In extended narratives, humor can serve several purposes (which often overlap):
Comic relief—to add variety; establish change of pace; provide breathing space (in, or following, tightly structured, condensed, or suspenseful passages); lighten tone (when narrative becomes oppressively ponderous, grim, frightening, or emotionally painful);
Entertainment—to provide intellectual enjoyment deriving from banter and witty dialogue, observing characters interacting with each other and interesting situations, and watching the coming to fruition of extended narrative “jokes”;
Satire/parody—ridiculing or poking fun at specific character traits, institutions, belief systems, literary conventions, etc., through exaggeration, irony, or burlesque.

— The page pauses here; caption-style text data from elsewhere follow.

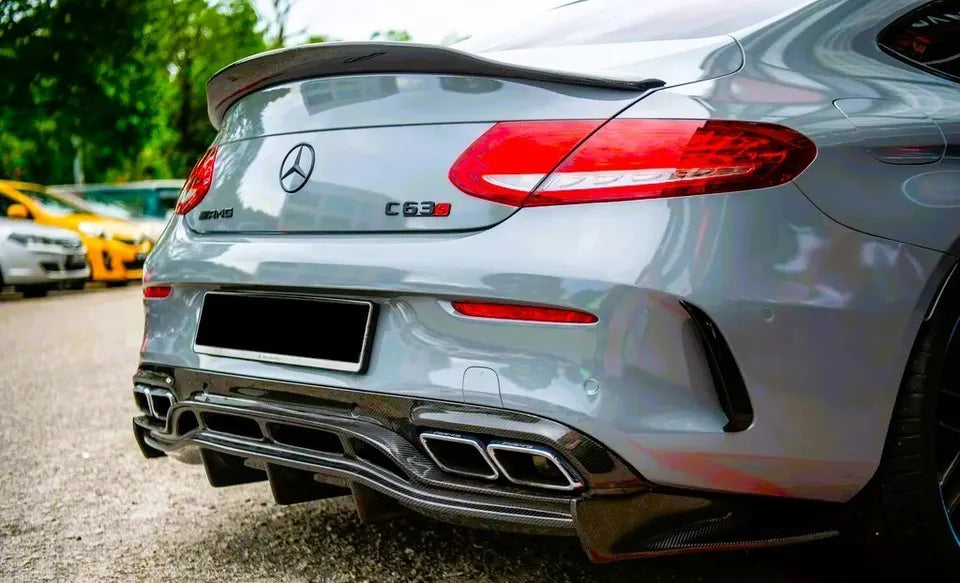 Mercedes C Class Coupe W205 C205 Car Rear Spoiler 2014-21 Gloss Black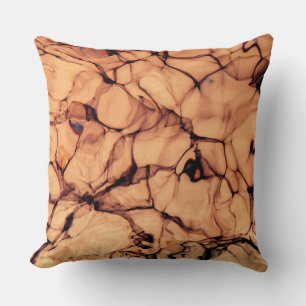 Coussin Eau bleue étincelante inversée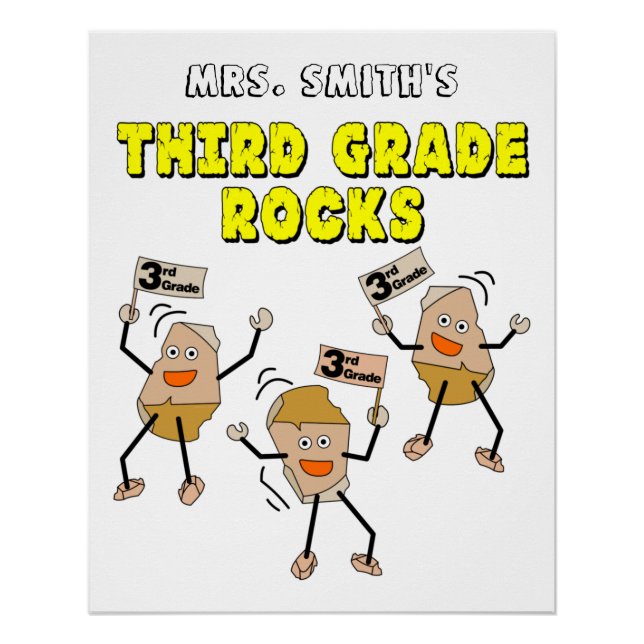 Póster Rocas de tercer grado (Anverso)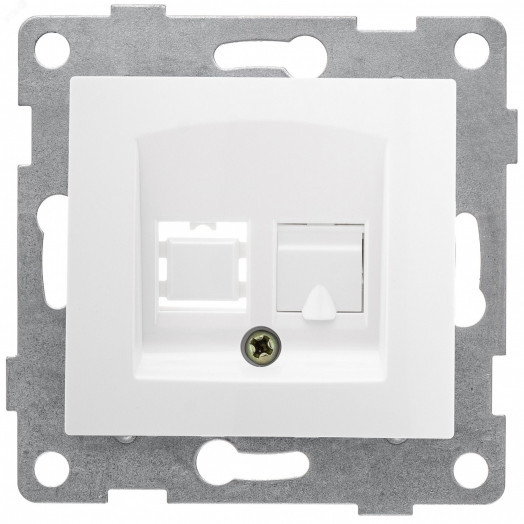 GUSI Bravo механизм розетки  компьютерной RJ45, одинарной, скрытая установка.  Цвет белый.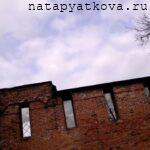 Крепление стены к Дмитриевской башне
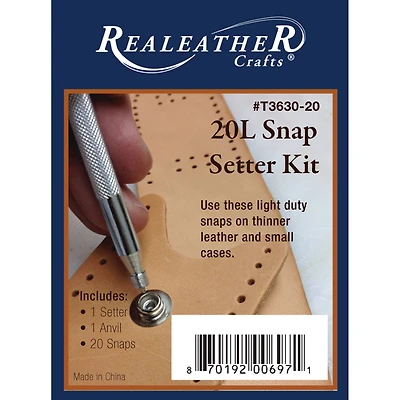 Realeather® Leather Snaps & Setter Kit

Whatever purpose(s) it’s serving, the humor should grow organically from the story’s main elements—plot, character, theme, setting, event—whether singly or in combination. To be organic, it must arise from, and be consistent with, implications inherent in the specific premises that move the narrative: “If X is the case, then what Y’s could logically result?” (Bronson is afraid of heights, but nevertheless must scale the cliff … (?); Maggie can’t tolerate eating oysters, but that’s what’s served by her boyfriend’s mother whom she desperately wishes to impress … (?); Bruce is convinced that George has seduced his wife and decides to confront them both … (?); having deactivated the primary alarms, the burglars proceed, unaware that the backup system is still actively engaged … (?) Whether mundane or absurd, a premise will inherently contain within it implicit and potential consequences that can be followed out to logical conclusions. For readers, the humor arising from this process will be a logical, believable outgrowth of the established given, and not something extraneous to the story, arbitrarily or gratuitously inserted, forced, labored, or self-indulgently contrived in an effort to produce laughs.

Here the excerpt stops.